DE L'AIR FRAIS
Lorsque je retrouvai l’air libre de Victoria Street au sortir de celui, conditionné et un peu confit, des locaux du Yard, une chose me frappa : cet air était sec, comme le trottoir, et l’avait été depuis le départ de Douvres. Anomalie !
Fallait-il que d’autres problèmes aient retenu mon attention pour n’en prendre conscience que sept heures après avoir posé le pied sur cette île « sous le vent », ou était-ce simplement l’embarras de mon grand parapluie aussi inutile qu’impliable. J’optai pour la première hypothèse, sachant qu’un parapluie, si inutile soit-il dans l’instant, pouvait ici se révéler indispensable l’instant d’après, et que s’il était un endroit où jamais sa présence ne serait incongrue, c’était bien Londres.
L’expérience allait se vérifier une fois de plus en cette belle après-midi d’Avril qui pour le moment, non contente d’être sèche, dispensait même quelques chauds rayons printaniers.
Et c’est comme un gosse ravi d’être en vacances que je décidai de profiter de l’air tout neuf, aux senteurs redécouvertes de liberté et de douceur, pour réfléchir aux propositions qui venaient de m’être faites.
Ce qui m’offrait l’avantage de me faire rattraper mon exercice physique journalier, que le voyage avait exceptionnellement rayé de mon emploi du temps matinal.
Je choisis l’itinéraire le plus court, qui serait déjà une belle promenade, tant par la distance que par la fraîche beauté des quartiers verdoyants qu’il me ferait traverser : un crochet au nord à la rencontre de Saint James’s Park, puis Buckingham, Green Park en enfilade, Hyde Park Corner, et si le temps se maintenait au beau, le parc lui-même et Rotten Row, plutôt que le bruyant et encombré Knightsbridge.
Mais d’abord cap sur le parc Saint James.
Trois parcs royaux enchaînés dans la foulée, avec en prime le gros gâteau à la crème du mémorial dédié à l’ancêtre impériale, face à la chaumière de sa rejetonne de Queen, voilà un programme non moins royal ! Et dont mon profond tempérament républicain s’accommodait sans aucune arrière pensée, car « quand tu es à Londres, fais comme les Londoniens », comme auraient pu dire les Romains.*
Bien qu’approuvant sans réserve cette sagesse proverbiale qui, mise en pratique par tout un chacun, éviterait bien des soucis à l’humanité toute entière, je chassai de mon esprit d’autres considérations philosophiques du même genre pour analyser une dernière fois la situation.
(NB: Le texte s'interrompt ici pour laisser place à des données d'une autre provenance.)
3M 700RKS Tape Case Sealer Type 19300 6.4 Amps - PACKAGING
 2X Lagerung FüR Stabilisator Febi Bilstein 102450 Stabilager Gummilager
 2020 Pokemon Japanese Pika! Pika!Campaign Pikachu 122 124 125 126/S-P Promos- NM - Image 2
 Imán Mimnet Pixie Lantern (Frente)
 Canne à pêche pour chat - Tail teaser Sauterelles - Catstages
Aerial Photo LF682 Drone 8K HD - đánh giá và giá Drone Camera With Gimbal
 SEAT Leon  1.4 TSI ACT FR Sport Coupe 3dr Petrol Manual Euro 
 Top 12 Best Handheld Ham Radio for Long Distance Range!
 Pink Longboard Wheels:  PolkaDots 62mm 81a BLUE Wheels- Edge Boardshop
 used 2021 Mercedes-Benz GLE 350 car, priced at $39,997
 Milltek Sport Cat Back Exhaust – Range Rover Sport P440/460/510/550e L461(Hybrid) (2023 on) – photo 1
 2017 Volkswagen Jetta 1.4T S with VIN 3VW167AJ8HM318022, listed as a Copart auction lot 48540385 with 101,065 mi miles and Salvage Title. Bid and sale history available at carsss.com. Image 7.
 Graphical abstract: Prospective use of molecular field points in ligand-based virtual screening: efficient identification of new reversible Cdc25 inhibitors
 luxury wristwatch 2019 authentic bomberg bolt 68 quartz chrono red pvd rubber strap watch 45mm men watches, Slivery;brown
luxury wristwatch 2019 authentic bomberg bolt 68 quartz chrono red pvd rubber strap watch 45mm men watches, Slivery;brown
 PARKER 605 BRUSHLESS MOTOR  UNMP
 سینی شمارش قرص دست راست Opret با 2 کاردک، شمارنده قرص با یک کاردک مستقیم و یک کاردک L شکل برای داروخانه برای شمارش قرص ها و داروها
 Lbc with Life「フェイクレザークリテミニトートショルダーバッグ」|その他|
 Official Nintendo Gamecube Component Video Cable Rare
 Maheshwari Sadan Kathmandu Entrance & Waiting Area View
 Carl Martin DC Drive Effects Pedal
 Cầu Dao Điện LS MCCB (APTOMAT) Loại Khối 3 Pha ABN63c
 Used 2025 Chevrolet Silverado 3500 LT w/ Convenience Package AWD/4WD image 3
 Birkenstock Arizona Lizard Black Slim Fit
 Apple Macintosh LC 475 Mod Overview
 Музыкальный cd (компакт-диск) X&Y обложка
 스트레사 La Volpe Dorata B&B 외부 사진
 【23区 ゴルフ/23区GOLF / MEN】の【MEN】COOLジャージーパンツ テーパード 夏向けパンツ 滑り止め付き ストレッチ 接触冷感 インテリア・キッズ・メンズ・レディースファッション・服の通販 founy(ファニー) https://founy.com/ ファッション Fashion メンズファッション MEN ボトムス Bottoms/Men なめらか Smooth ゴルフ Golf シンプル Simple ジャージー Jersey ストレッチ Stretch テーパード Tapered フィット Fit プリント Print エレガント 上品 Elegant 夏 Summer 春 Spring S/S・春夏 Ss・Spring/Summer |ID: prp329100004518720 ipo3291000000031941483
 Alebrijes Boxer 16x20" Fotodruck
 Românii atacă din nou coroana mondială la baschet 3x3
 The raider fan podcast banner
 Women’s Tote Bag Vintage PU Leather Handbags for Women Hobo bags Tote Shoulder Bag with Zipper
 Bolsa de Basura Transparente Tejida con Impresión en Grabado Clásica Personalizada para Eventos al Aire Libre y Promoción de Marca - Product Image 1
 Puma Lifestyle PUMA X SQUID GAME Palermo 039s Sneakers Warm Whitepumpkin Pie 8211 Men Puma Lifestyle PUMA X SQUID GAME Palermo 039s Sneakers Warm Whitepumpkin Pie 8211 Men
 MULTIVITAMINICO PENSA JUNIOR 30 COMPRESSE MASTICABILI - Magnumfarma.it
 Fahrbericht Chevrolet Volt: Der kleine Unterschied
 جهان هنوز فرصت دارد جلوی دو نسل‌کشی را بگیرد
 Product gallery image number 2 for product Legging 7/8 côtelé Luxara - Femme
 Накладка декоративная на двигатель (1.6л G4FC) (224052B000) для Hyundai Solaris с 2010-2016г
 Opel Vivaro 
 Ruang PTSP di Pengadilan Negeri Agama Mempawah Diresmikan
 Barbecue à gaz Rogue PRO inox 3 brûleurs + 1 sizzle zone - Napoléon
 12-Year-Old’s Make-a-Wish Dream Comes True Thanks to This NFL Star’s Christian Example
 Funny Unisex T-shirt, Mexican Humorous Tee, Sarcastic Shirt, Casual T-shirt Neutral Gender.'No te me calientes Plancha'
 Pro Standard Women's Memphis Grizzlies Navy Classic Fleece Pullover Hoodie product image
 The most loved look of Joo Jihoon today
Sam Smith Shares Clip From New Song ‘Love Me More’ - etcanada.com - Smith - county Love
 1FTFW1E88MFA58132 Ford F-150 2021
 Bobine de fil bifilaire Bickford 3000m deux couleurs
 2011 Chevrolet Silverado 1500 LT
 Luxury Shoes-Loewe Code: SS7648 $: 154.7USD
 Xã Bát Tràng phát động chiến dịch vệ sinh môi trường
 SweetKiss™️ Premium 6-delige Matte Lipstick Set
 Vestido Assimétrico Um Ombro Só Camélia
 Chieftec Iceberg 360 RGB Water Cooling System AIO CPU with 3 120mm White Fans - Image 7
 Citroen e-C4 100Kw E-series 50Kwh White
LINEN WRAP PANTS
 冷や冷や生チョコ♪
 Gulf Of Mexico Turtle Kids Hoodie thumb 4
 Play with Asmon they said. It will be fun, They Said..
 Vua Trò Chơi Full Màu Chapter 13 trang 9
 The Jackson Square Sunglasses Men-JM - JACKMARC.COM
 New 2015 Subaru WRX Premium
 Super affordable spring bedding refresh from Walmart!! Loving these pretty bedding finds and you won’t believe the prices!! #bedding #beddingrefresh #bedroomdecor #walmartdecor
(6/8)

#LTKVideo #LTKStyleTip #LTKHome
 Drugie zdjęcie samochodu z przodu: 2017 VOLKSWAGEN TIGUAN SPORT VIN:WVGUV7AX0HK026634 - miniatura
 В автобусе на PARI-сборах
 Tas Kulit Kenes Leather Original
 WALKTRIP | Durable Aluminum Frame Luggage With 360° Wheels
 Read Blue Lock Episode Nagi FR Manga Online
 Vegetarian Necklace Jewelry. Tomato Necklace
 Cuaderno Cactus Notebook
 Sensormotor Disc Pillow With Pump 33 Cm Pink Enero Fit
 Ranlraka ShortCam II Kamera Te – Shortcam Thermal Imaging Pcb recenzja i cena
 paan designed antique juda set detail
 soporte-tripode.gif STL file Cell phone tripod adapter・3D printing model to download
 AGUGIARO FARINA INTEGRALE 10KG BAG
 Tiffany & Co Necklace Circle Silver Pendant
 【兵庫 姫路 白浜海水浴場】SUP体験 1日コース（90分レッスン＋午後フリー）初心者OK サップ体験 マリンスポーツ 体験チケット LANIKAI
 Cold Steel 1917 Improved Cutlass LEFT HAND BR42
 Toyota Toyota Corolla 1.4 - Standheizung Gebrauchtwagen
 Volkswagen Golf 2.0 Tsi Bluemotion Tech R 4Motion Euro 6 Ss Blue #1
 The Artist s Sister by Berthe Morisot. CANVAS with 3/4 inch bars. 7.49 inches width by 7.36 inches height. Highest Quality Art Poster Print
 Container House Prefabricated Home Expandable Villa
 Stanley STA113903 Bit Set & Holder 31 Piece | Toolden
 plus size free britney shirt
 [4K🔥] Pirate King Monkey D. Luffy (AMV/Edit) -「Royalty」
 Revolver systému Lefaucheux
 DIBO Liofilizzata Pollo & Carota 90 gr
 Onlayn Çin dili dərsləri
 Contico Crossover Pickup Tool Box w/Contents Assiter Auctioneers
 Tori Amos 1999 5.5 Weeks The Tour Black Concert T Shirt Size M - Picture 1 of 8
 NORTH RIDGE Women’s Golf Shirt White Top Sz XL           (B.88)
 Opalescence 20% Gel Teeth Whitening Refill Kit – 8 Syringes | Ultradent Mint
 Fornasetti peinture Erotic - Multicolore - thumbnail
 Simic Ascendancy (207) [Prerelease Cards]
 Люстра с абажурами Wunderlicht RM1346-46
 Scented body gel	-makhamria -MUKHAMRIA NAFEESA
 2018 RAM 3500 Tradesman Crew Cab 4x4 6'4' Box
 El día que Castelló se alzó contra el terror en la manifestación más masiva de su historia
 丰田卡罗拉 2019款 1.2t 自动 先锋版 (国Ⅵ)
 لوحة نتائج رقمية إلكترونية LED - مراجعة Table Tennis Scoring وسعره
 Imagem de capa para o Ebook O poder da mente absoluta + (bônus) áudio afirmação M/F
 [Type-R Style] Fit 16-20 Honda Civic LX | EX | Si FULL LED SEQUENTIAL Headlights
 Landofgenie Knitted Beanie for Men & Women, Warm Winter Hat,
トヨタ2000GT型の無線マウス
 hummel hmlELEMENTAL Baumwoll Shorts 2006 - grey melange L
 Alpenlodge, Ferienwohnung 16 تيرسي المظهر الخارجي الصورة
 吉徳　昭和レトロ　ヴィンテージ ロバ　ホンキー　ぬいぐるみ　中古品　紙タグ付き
J’étais d’ailleurs arrivé à Saint James’s, dont les frondaisons toutes neuves et presque translucides laissaient largement filtrer les rayons du jour ensoleillé. Les pelouses étaient constellées de gouttes de lumière qui arrosaient à sec, une fois n’est pas coutume, les primevères et les jonquilles poussant à vue d’œil en immenses tapis, terrains de jeux favoris et chatoyants des écureuils toujours plus nombreux.
Pourquoi, cette année, étais-je aussi réceptif à ce spectacle pourtant rituel de la nature renaissante, toujours plus vivace, toujours plus belle, et si rassurante finalement dans le cyclique de son annuelle surprise ? Me poser la question était peut-être déjà y répondre un peu, car une fois de plus, mes pensées me ramenèrent à Louisa.